Wherever the string "Implant" shows up in the records below, return that line.

#####

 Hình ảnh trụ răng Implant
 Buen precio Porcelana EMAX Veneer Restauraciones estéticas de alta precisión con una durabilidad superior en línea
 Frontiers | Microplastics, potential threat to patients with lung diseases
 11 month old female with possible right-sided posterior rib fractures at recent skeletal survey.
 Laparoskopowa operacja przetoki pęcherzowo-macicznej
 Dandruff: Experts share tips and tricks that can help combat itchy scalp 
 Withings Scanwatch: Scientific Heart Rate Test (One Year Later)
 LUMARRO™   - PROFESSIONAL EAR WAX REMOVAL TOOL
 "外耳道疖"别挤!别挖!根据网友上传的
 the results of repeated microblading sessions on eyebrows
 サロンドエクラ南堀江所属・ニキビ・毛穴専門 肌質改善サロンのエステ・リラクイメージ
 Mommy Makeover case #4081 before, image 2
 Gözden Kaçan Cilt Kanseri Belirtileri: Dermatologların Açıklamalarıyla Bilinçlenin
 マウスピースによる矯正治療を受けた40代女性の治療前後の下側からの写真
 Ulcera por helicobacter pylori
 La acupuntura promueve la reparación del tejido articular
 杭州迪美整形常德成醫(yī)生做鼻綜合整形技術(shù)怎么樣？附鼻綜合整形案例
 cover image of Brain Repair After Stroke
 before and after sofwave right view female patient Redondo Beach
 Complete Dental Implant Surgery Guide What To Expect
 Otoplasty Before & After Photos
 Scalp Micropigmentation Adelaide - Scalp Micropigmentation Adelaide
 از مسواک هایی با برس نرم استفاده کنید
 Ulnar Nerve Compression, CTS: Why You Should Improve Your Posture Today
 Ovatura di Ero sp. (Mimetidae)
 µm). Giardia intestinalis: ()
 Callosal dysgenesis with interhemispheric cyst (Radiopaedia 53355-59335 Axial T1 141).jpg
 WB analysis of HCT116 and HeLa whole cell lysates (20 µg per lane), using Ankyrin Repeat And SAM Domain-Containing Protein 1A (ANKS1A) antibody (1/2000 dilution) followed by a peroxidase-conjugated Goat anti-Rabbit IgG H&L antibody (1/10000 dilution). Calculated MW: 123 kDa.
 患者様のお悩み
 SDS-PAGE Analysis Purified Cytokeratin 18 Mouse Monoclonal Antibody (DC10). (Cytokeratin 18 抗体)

#####

**Written answer:**
 Hình ảnh trụ răng Implant
 Complete Dental Implant Surgery Guide What To Expect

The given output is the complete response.